Extract every entry word for word. Skip the pictures.

>>>>

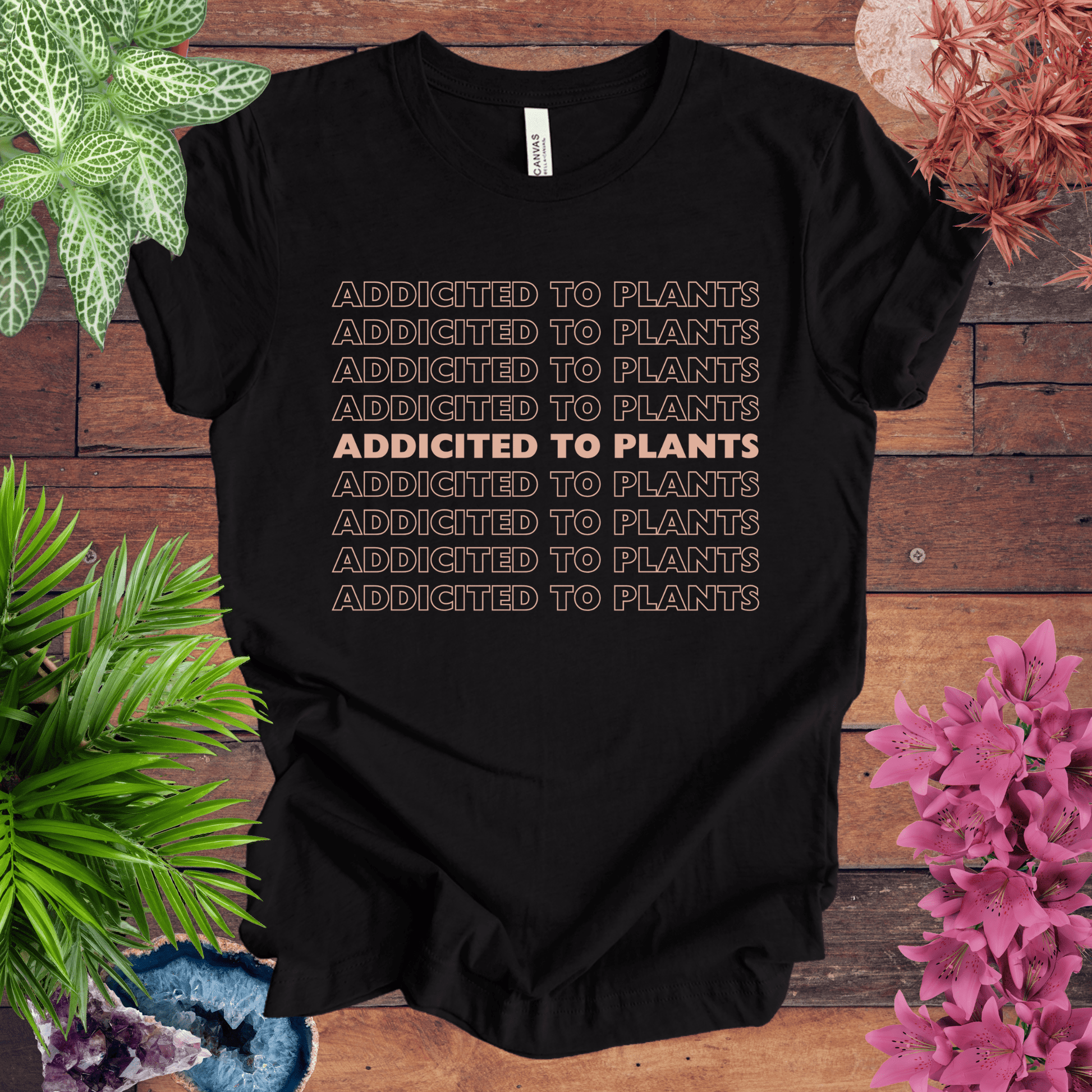 Printify T-Shirt Black Heather / S Addicted to Houseplants T-Shirt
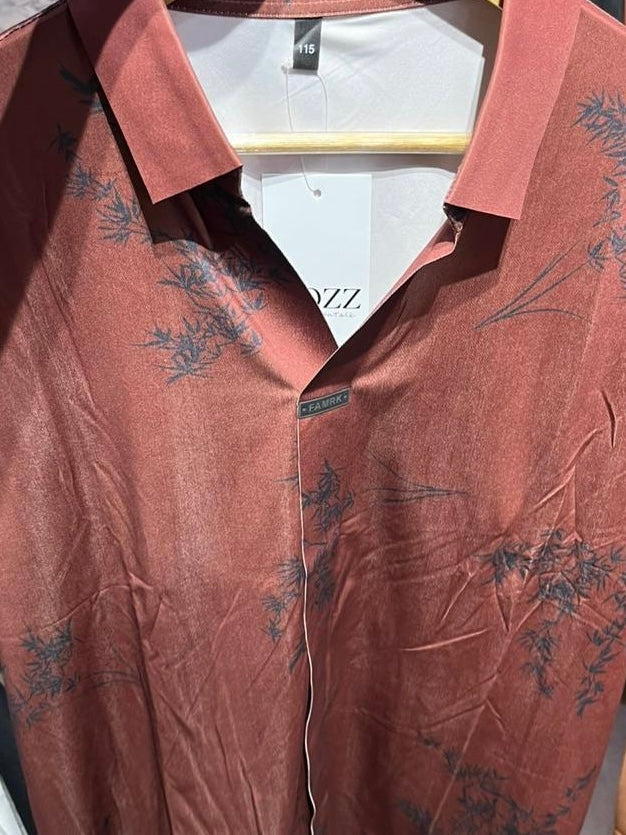 Red Stitchless imported Half-Hand Shirt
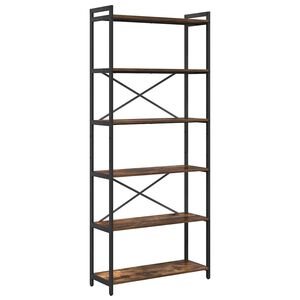 vidaXL Reg&aacute;l na knihy 80 x 30 x 189,5 cm Kompozitn&eacute; drevo Dymov&aacute; dub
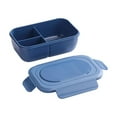 thumbnail image 1 of YIKA Tupperware Container Microwaveable Silicone Lunch Box Lunch Bento Box Reduced Fats Lunch Box Crispers Compartment Lunch Boxes Kitchen Storage Blue, 1 of 6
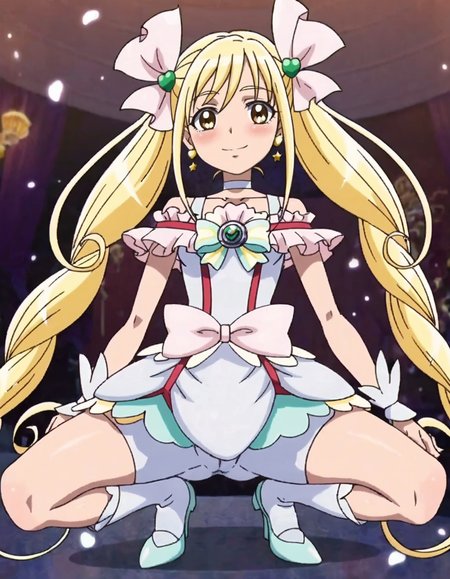 score_9, score_8_up, score_7_up,anime screencap,1girl,solo,cureecho, white choker, waist bow, choker, pink bow,  smile, magical girl, hair ornament, ribbon, jewelry, skirt,wrist cuffs,  hair ribbon, looking at viewer, dress, bike shorts under skirt, frills, brooch, heart,medium breasts,blush,squattingãcameltoe<lora:cureecho:0.8>
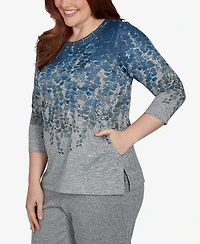 Alfred Dunner Women's Falling Leaves Pocket Knit Top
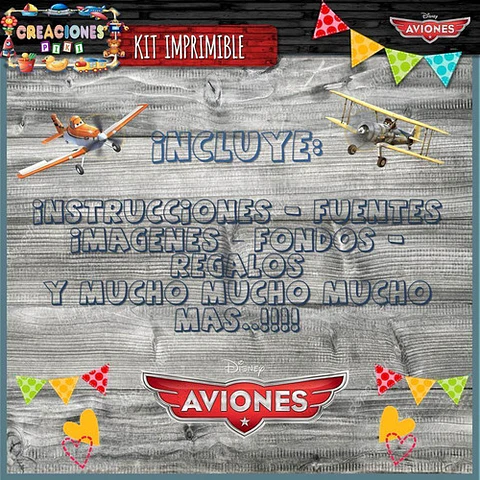 Kit Imprimible Candy Bar Aviones El Mas Completo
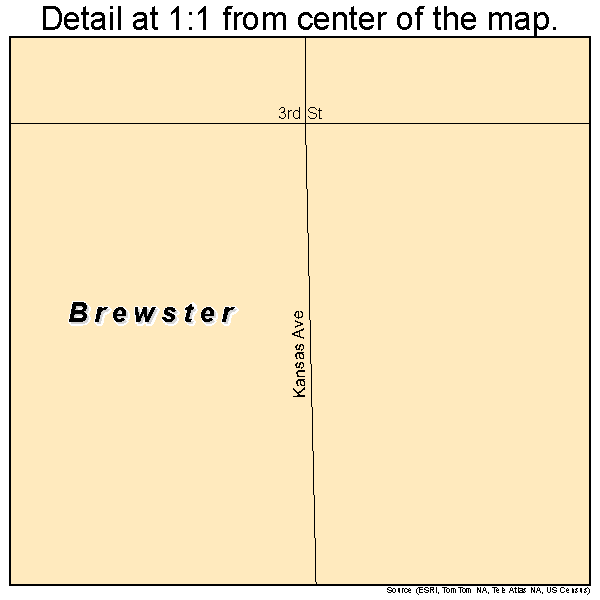 Brewster, Kansas road map detail
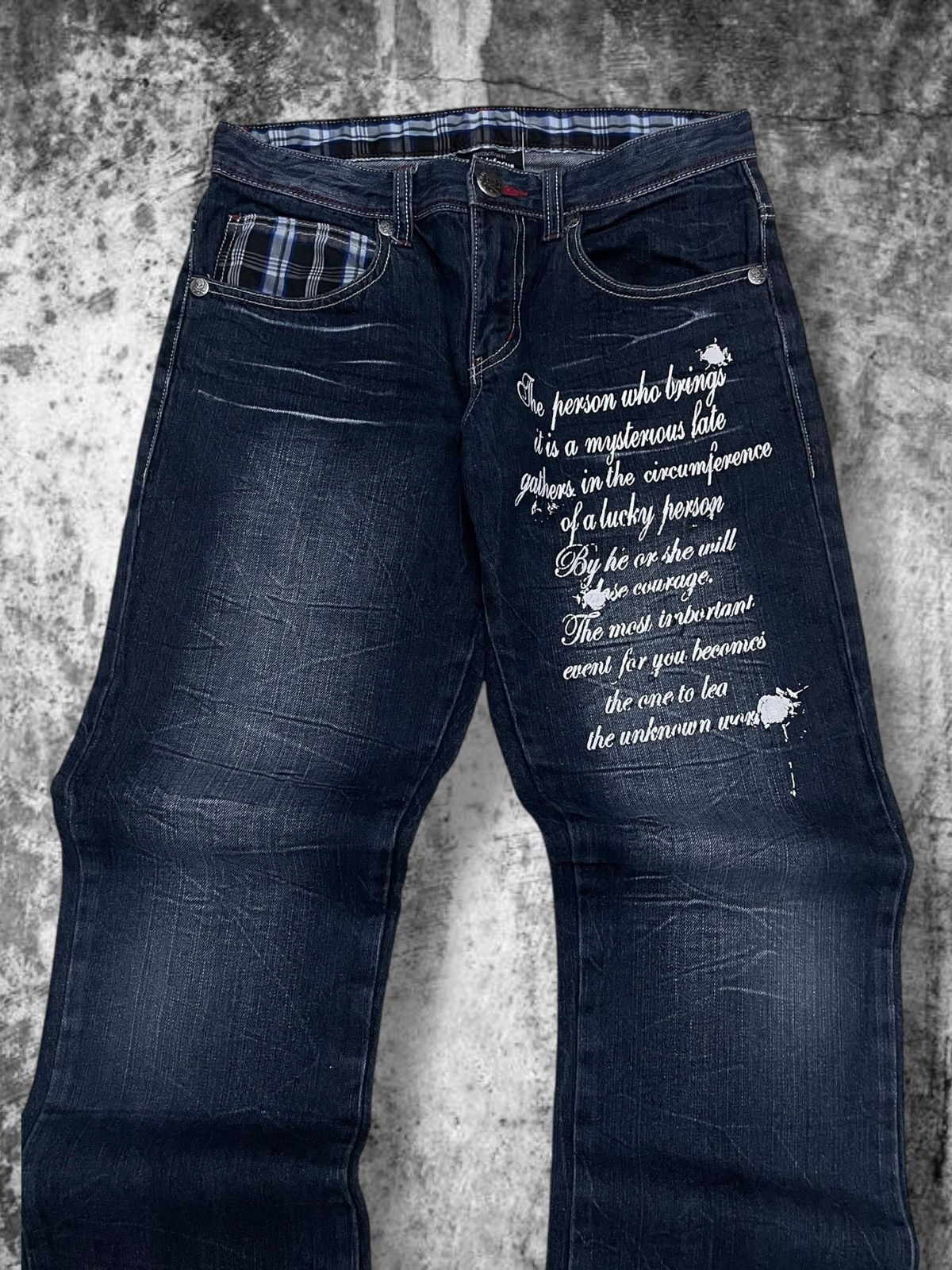 Japanese Brand Vintage 90’s Japan Designer Double Focus ‘Poetry’ Denim Size US 29 - 5 Thumbnail
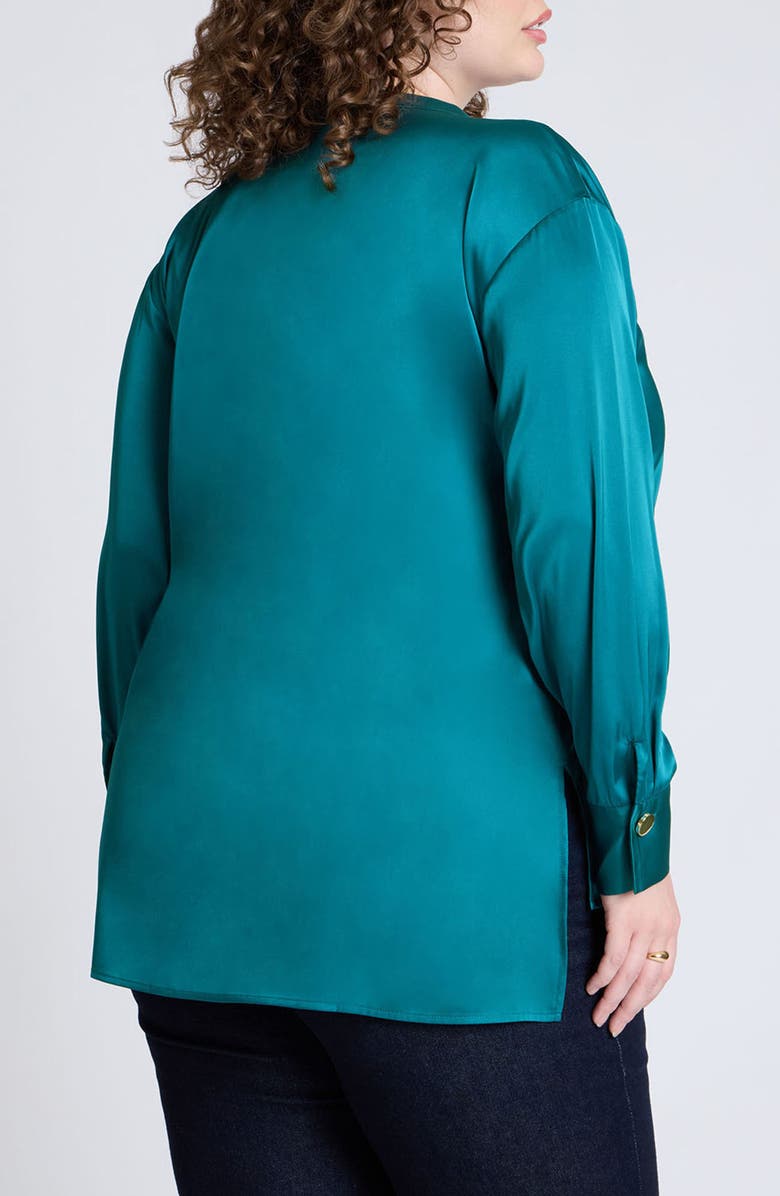 ELOQUII Satin Notch Collar Top, Alternate, color, 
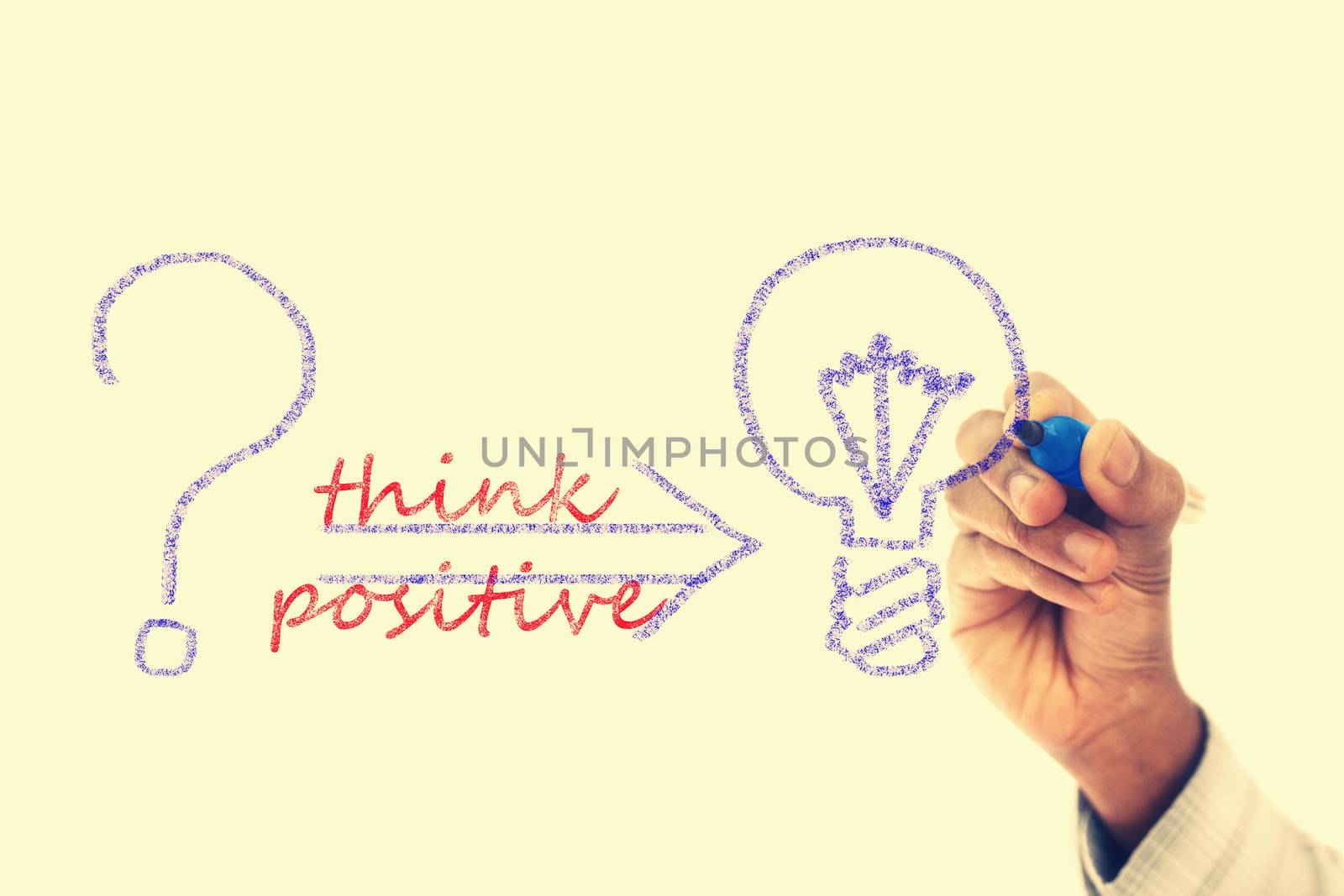 Think Positive written  on transparent wipe board by yands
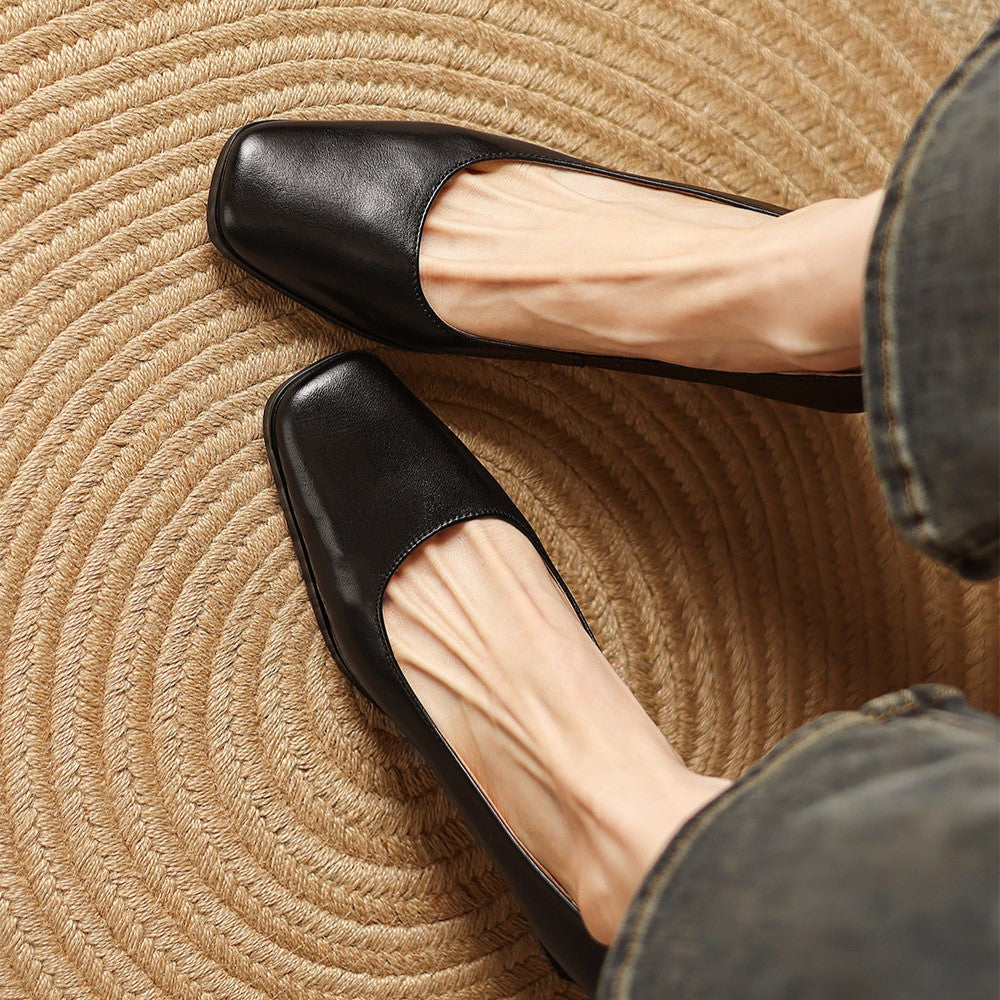 Theo Square-Toe Leather Pumps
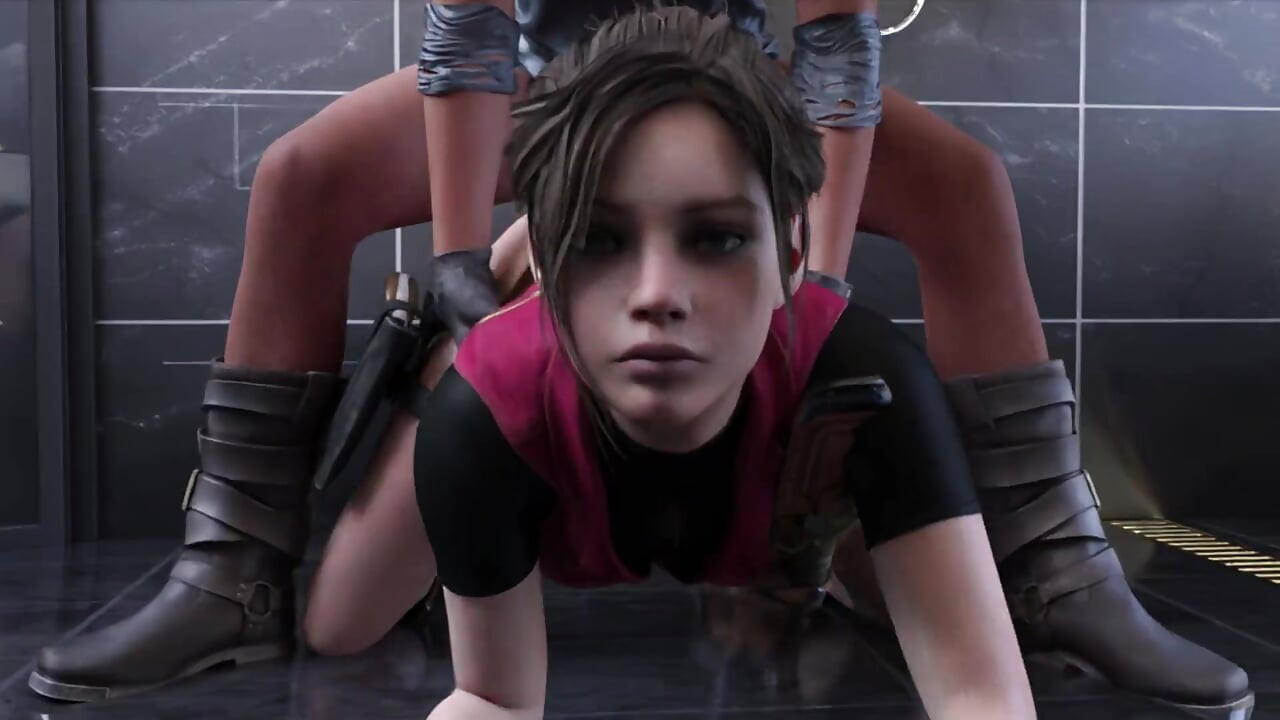 Claire Redfield mag es, mit zwei schwänze zu ficken - animierter porno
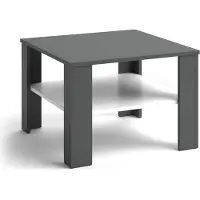 Vicco Couchtisch Homer Weiß/Anthrazit 60 x 60 cm, Model 26790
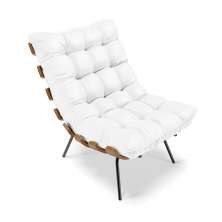 Poltrona Costela Corino Branco Base Metálica Preto - D'Rossi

<<<<

§ RESULT
 Printify T-Shirt Black Heather / S Addicted to Houseplants T-Shirt
 Red Stitchless imported Half-Hand Shirt
 vidaXL Reg&aacute;l na knihy 80 x 30 x 189,5 cm Kompozitn&eacute; drevo Dymov&aacute; dub
 thumbnail image 1 of YIKA Tupperware Container Microwaveable Silicone Lunch Box Lunch Bento Box Reduced Fats Lunch Box Crispers Compartment Lunch Boxes Kitchen Storage Blue, 1 of 6
 score_9, score_8_up, score_7_up,anime screencap,1girl,solo,cureecho, white choker, waist bow, choker, pink bow,  smile, magical girl, hair ornament, ribbon, jewelry, skirt,wrist cuffs,  hair ribbon, looking at viewer, dress, bike shorts under skirt, frills, brooch, heart,medium breasts,blush,squattingãcameltoe<lora:cureecho:0.8>
 Alfred Dunner Women's Falling Leaves Pocket Knit Top
 Kit Imprimible Candy Bar Aviones El Mas Completo
 Brewster, Kansas road map detail
 Japanese Brand Vintage 90’s Japan Designer Double Focus ‘Poetry’ Denim Size US 29 - 5 Thumbnail
 ELOQUII Satin Notch Collar Top, Alternate, color, 
 Think Positive written  on transparent wipe board by yands
 Theo Square-Toe Leather Pumps
 Claire Redfield mag es, mit zwei schwänze zu ficken - animierter porno
 Vicco Couchtisch Homer Weiß/Anthrazit 60 x 60 cm, Model 26790
 Poltrona Costela Corino Branco Base Metálica Preto - D'Rossi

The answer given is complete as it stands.